- The poster for UFC 137: Penn vs. Diaz
- Promotion: Ultimate Fighting Championship
- Date: October 29, 2011
- Venue: Mandalay Bay Events Center
- City: Las Vegas, Nevada
- Attendance: 10,313
- Total gate: $3,900,650
- Buyrate: 280,000

Event chronology
| UFC 136: Edgar vs. Maynard III | UFC 137: Penn vs. Diaz | UFC 138: Leben vs. Munoz |

= UFC 137 =

UFC mixed martial arts event in 2011

UFC 137: Penn vs. Diaz was a mixed martial arts (MMA) pay-per-view event held by the Ultimate Fighting Championship on October 29, 2011, at Mandalay Bay Events Center in Las Vegas, Nevada.

==Background==
The event was originally expected to take place on October 15, 2011, at the Echo Arena Liverpool in Liverpool, England. However, due to multiple scheduling issues with broadcast rights, the organization cancelled those plans. UFC 137 featured two preliminary fights live on Spike TV.

Dennis Siver was expected to face Sam Stout at this event, but Stout withdrew from the bout on August 29 and was replaced by Donald Cerrone.

Nick Diaz, was originally scheduled to headline the card opposite Georges St-Pierre for the UFC Welterweight Championship, but promoters canceled his appearance in the fight on September 7, because he failed to make media appearances. Carlos Condit was promoted from his fight with B.J. Penn to replace Diaz and face St-Pierre.

On September 8, B.J. Penn announced via Twitter that Dana White offered him a fight he "cannot refuse" and will still be fighting at UFC 137. Later that day, both Penn and White announced that the fight would be against Nick Diaz.

On October 1, it was revealed that Tim Credeur was forced out of his bout with Brad Tavares for unknown reasons. Promotional newcomer Dustin Jacoby stepped-in to face Tavares. On October 21, Tavares withdrew from bout due to an injury and was replaced by undefeated newcomer Clifford Starks.

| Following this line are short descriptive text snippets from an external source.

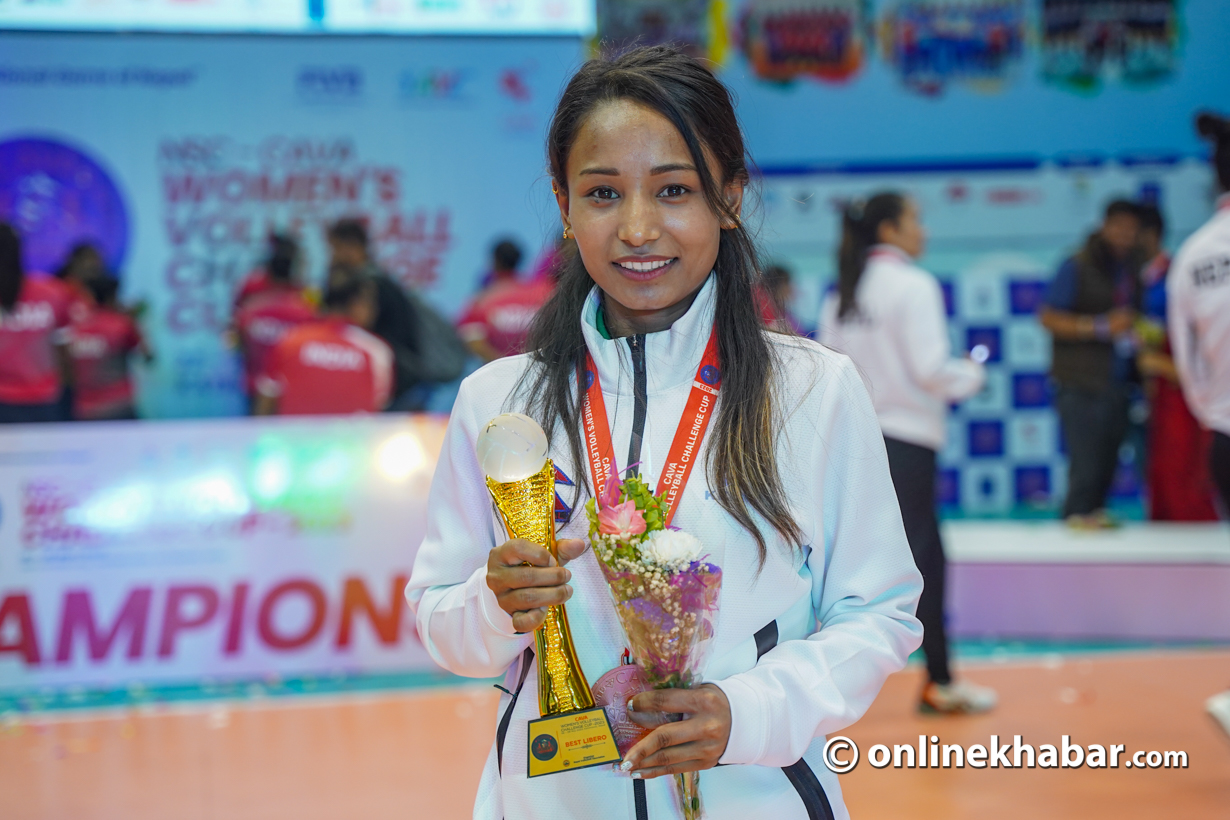 Since joining the national team four years ago, Salina Shrestha has established herself as a prominent libero in Nepali women's volleyball. 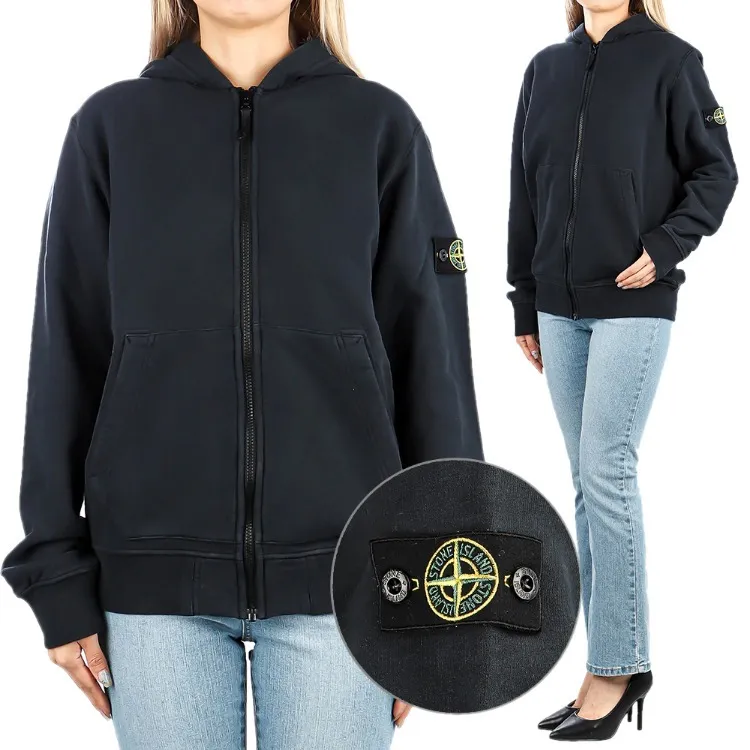 STONE ISLAND  |Street Style Long Sleeves Plain Cotton Logo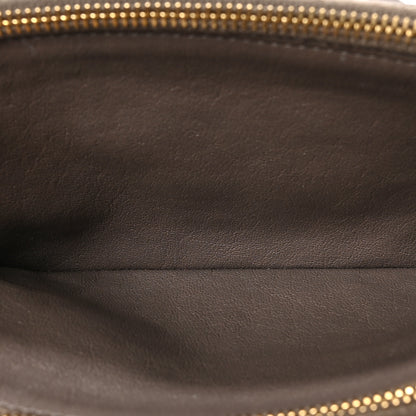 Saint Laurent Grained Lambskin Quilted Mini Becky Double Zip Bag Taupe 5 of 8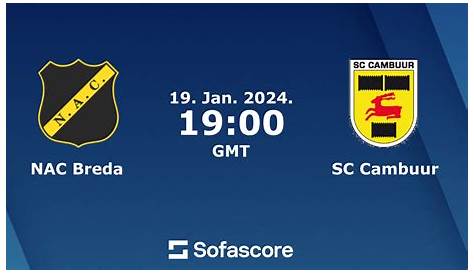 NAC Breda vs SC Cambuur - TheSportsDB.com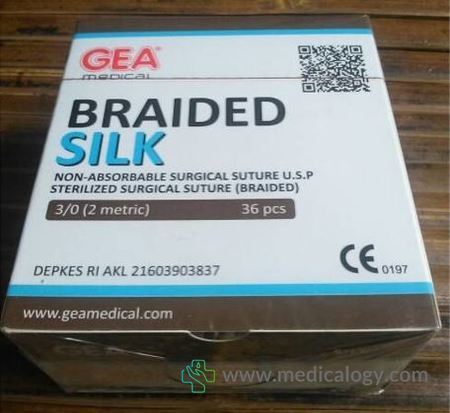 harga Silk Braided USP 3/0 GEA Ecer per/pcs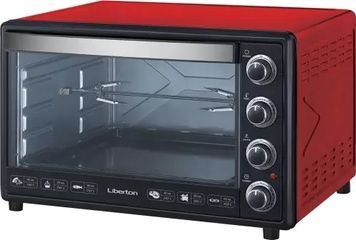 Електродуховка Liberton LEO-650 Red, 2200W, 3 режими нагрівання, металевий корпус, індикатор роботи, таймер, 65 л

Georges St-Pierre was expected to defend his title against Carlos Condit on this card. St-Pierre withdrew due to a knee injury and Nick Diaz vs. B.J. Penn became the main event.

During the official UFC 137 weigh ins, Tyson Griffin failed to make the featherweight limit. Griffin was three pounds over and was fined 25 percent of his earnings causing the bout to take place at a catchweight of 148 lb.

==Bonus awards==
The following fighters received $75,000 bonuses.

- Fight of the Night: B.J. Penn vs. Nick Diaz
- Knockout of the Night: Bart Palaszewski
- Submission of the Night: Donald Cerrone

==Reported payout==
The following is the reported payout to the fighters as reported to the Nevada State Athletic Commission. It does not include sponsor money and also does not include the UFC's traditional "fight night" bonuses.

- Nick Diaz: $200,000 (no win bonus) def. BJ Penn: $150,000
- Cheick Kongo: $140,000 ($70,000 win bonus) def. Matt Mitrione: $10,000
- Roy Nelson: $40,000 ($20,000 win bonus) def. Mirko Cro Cop: $75,000
- Scott Jorgensen: $33,000 ($16,500 win bonus) def. Jeff Curran: $8,000
- Hatsu Hioki: $30,000 ($15,000 win bonus) def. George Roop: $8,000
- Donald Cerrone: $54,000 ($27,000 win bonus) def. Dennis Siver: $27,000
- Bart Palaszewski: $28,500 ($10,000 win bonus) def. Tyson Griffin: $25,500 ^
- Brandon Vera: $120,000 ($60,000 win bonus) def. Eliot Marshall: $15,000
- Ramsey Nijem: $20,000 ($10,000 win bonus) def. Danny Downes: $5,000
- Francis Carmont: $12,000 ($6,000 win bonus) def. Chris Camozzi: $8,000
- Clifford Starks: $12,000 ($6,000 win bonus) def. Dustin Jacoby: $6,000

^Although not recognized on the official pay sheet, Griffin was fined $8,500, or 25% of his base pay for missing weight for the fight, and contracts were reworked with those amounts. That money was issued to Palaszewski, an NSAC official confirmed.